To supplement his background in Brazilian jiu-jitsu, Adie and his team of coaches worked tirelessly to put other components together in preparation for the fight.
“He’d previously been a ground fighter, but all the coaches worked with him in what we call a fight camp, where he worked on his stand-up skills, his kicks, his conditioning and his wrestling,” Beck said. “He stepped up to the plate and did some amazing work.”
In addition to his training regimen, Adie teaches jiu-jitsu classes six nights a week at Sierra Adrenaline Training Center. He teaches under the direction of Lowell Anderson, who now lives in Menlo Park, Calif.
“This is a very family oriented gym, we have a kids room with a TV so kids can play while their parents are working out, cardio equipment, weight room, I do spend a lot of time here, and my wife as well, taking classes with me,” said Adie, who has worked with Sierra Adrenaline the last two years.
Brazilian jiu-jitsu, which emphasizes use of leverage and proper technique, is a very practical form of self defense, especially for women fighting off an attacker, Adie explained.
“Brazilian jiu-jitsu is a very exquisite art,” Adie said. “It was designed by a very small man so that somebody who is not strong or is small could defeat any sized opponent with better technique and perfection.”
Classes are offered for men, women and children, he added.
“It works really well for self defense for women and it works really well for self defense for anybody, kids and stuff like that,” Adie said.
Adie works as an electrical mechanical technician for Lyon County in Dayton.
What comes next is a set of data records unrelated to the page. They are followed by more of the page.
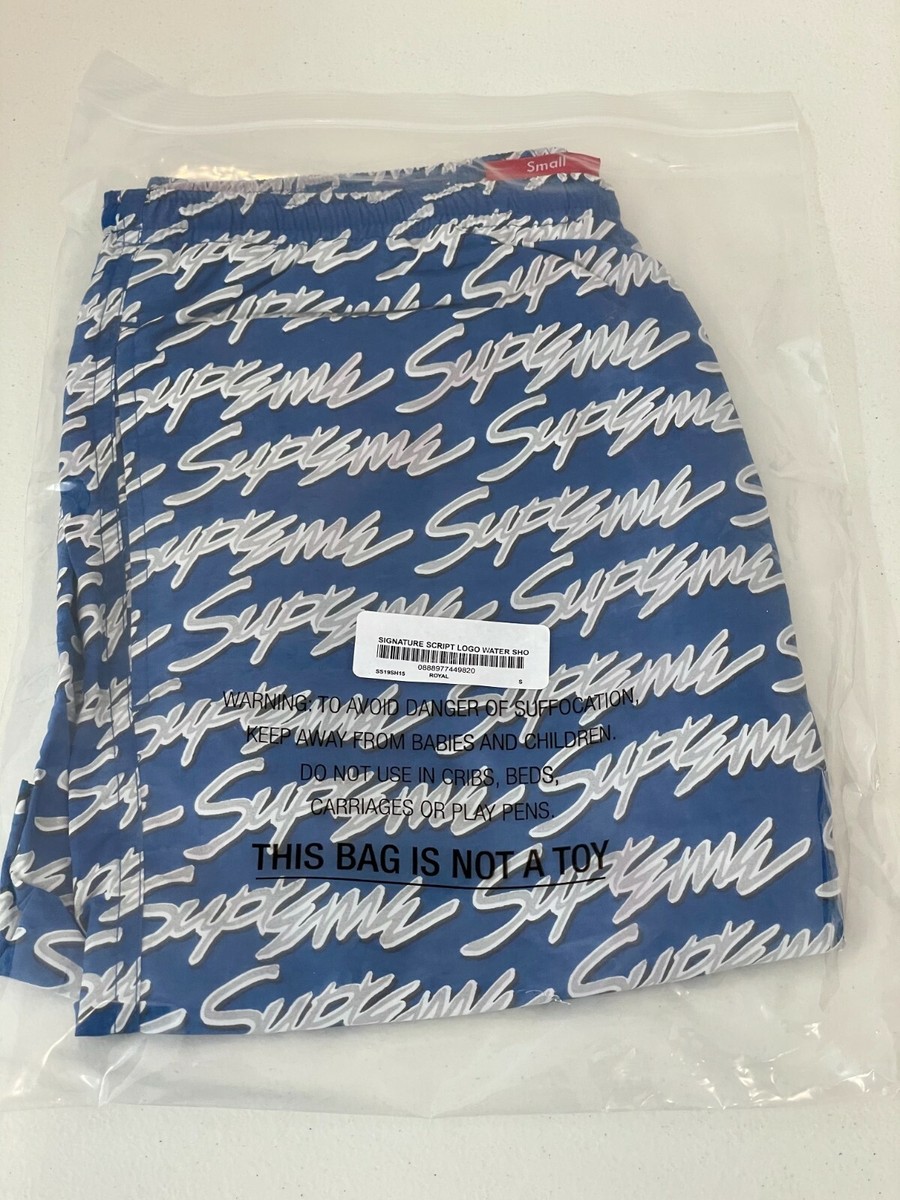 Supreme Signature Script Logo Swim Shorts Royal Blue Size Small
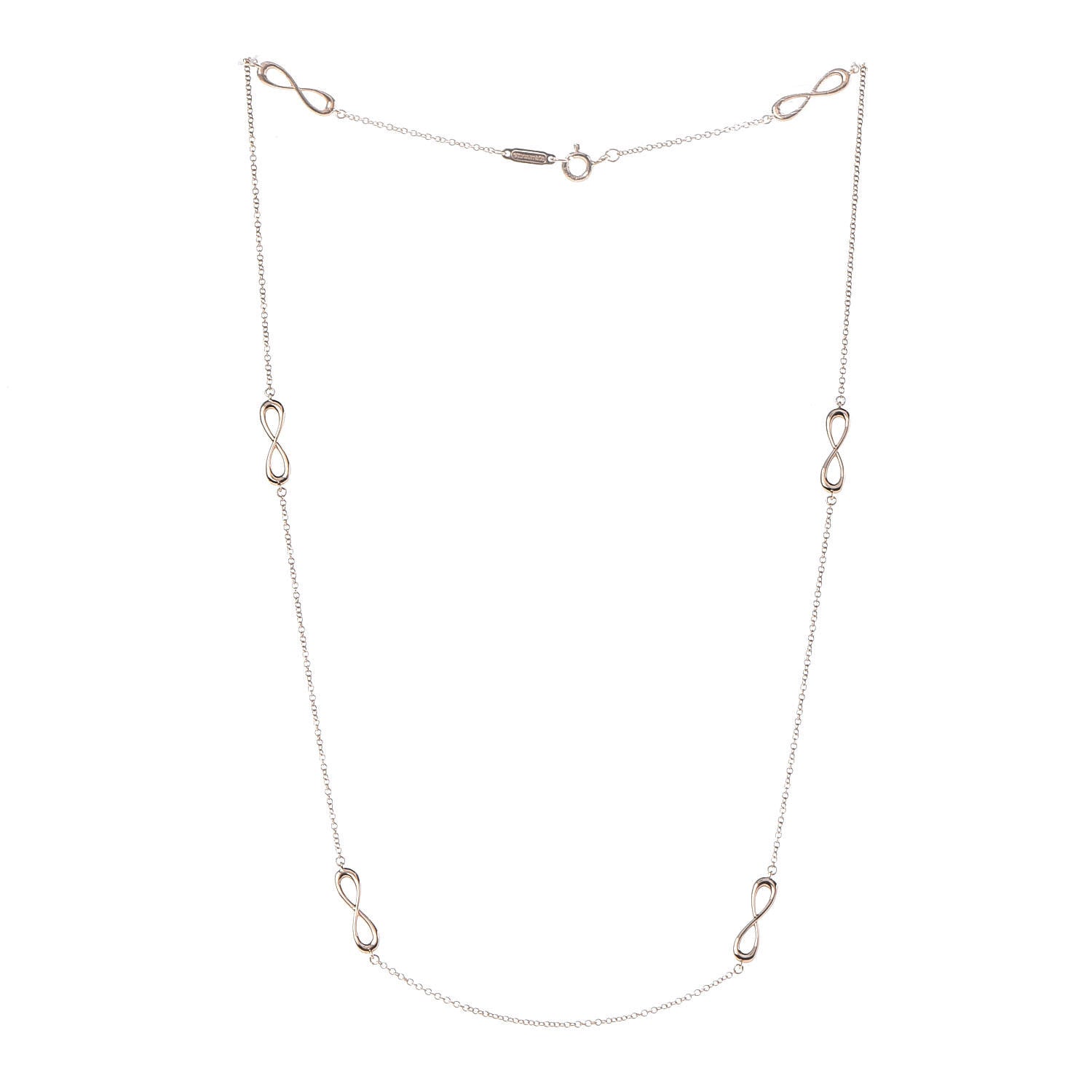 Tiffany 18K Rose Gold Infinity Endless Necklace 3 of 7
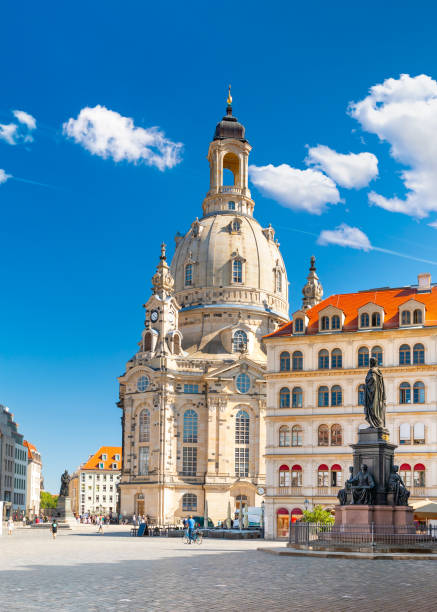 Historic Church of our Lady (Frauenkirche) on the Neumarkt square in Dresden, Germany stock photo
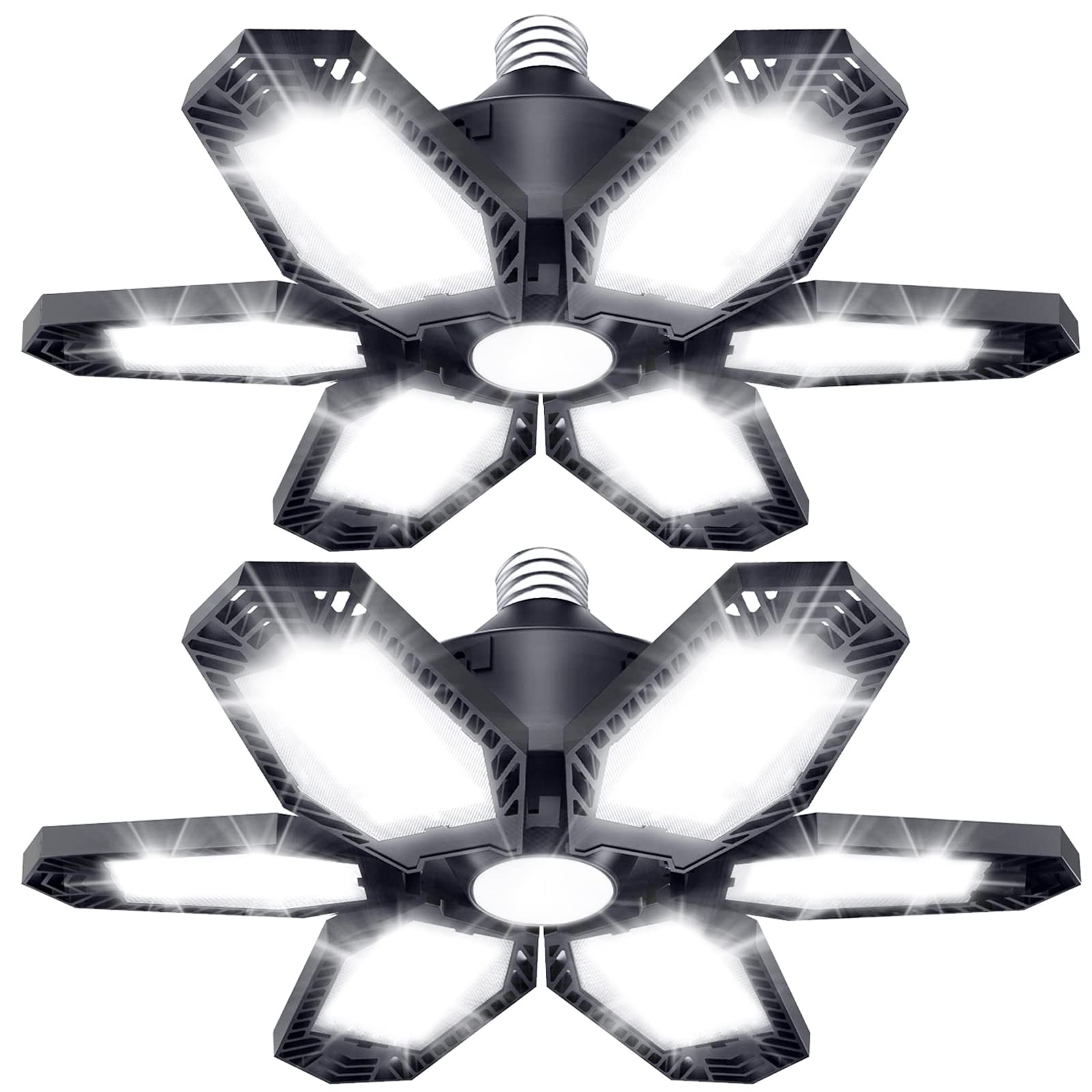 Tanbaby Led Garage Lights 150W Deformable 2 Pack, 30000Lm E26/E27, Adjustable Panels, Black Plastic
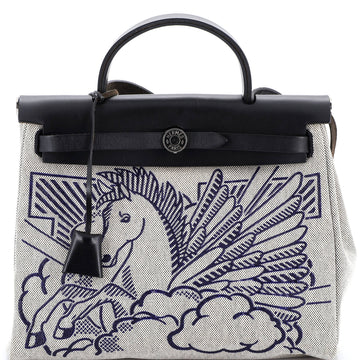 Hermes Herbag Zip Pegase Pop Toile and Leather 31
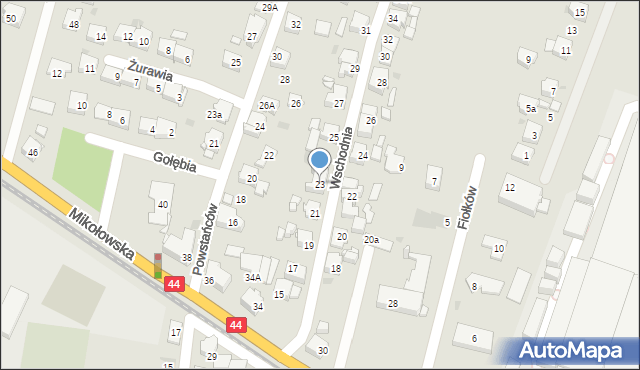 Tychy, Wschodnia, 23, mapa Tychów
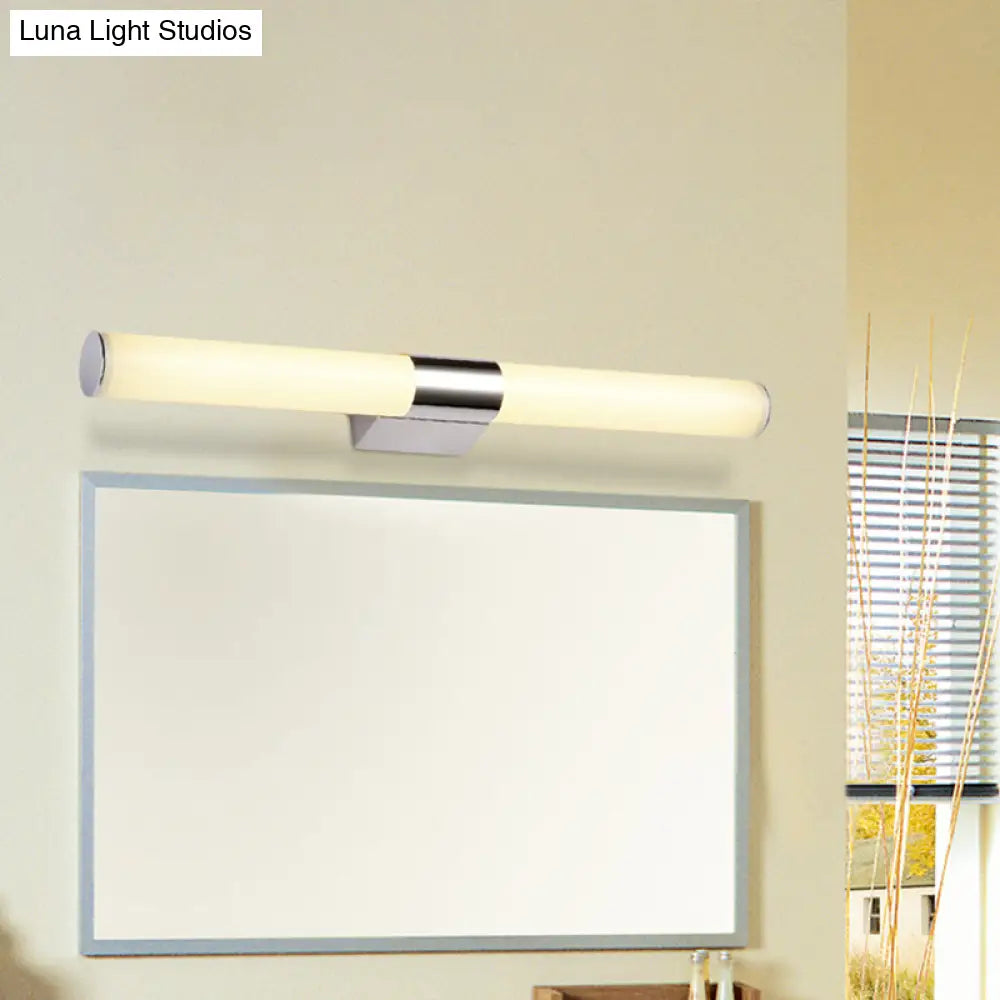 DecorBites™ Modern Chrome LED Wall Vanity Light with Acrylic Tube and Warm/White Light, 18"/23.5"/31.5" Length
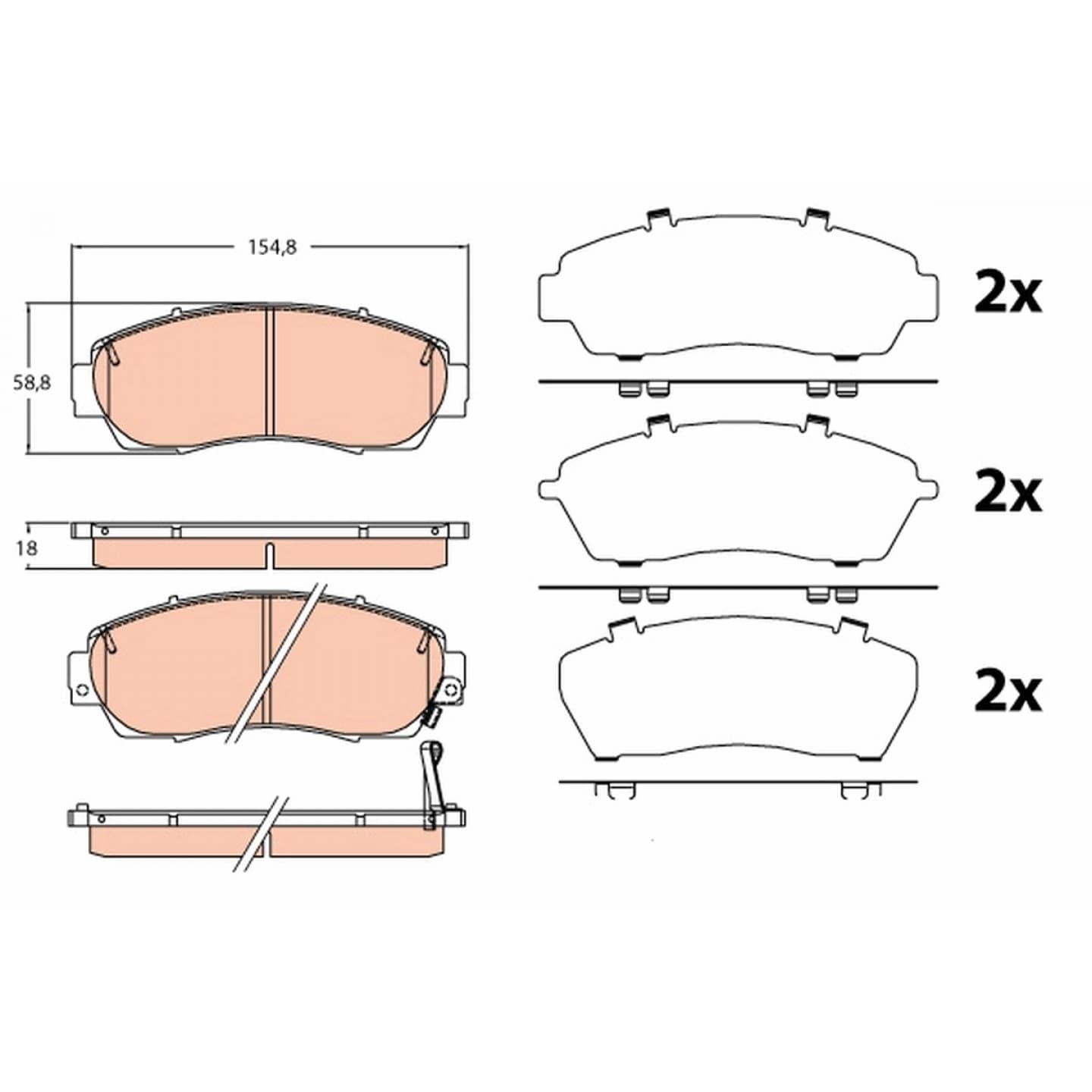 Brake pad set, front — Honda Ballade, CR-X, Prelude II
“I work 10-hour days, but get off Friday, Saturday and Sundays … that’s my regular job and then I come here and teach, which is my fun stuff,” Adie said.
“I train for fights and I’m a father of three and a husband as well,” he said. “So it’s kind of one of those full-plate kinds of things. There’s never a dull moment, that’s for sure.”
Adie has been an asset at the facility, Beck noted.
“He’s a phenomenal athlete and he’s a good role model to a lot of these kids,” Beck said. “He’s taught them that no matter what size you are, you can get anything you’d want to achieve just by working hard.”
IN THE GYM
Even though it was his MMA debut, Adie has an extensive background in Brazilian jiu-jitsu with a 37-6 record in amateur competition.
“Brazilian jiu-jitsu has more weight classes and age groups,” Adie said. “You’ll see those guys out there 50 and 60 years old still competing.”
Since his MMA triumph at the Grand Sierra Resort, Adie has cut his weight from 243 pounds back to the 220-pound range as he strives to maintain a high fitness level.
“When I’m training I cut out all the fun stuff … you know, beer, soda, no ice cream, candy, or anything like that,” Adie said. “That means lean meat and vegetables, protein shakes usually twice a day, in the morning and evening after I train.”
The road has been challenging at times. Adie said as much when he acknowledged the time he spent training for Brazilian jiu-jitsu competition while working fin the Carson Valley for Kawchack Pump and Well Service.
“They sponsored me through countless jiu-jitsu events, and put up with me coming to work with numerous broken fingers, toes, and ribs,” Adie said.
Due to the time commitment required for fight preparation, Adie does not plan to on any MMA bouts in the immediate future. So, what is his next goal?
“I’d like to try for a world championship in jiu-jitsu,” he said. “There are things on my bucket list and I want to knock them off one at a time. One of my goals has been to be a world champion one day and, you know, maybe I’ll get a chance to do that. I’ll sure give it everything I’ve got.”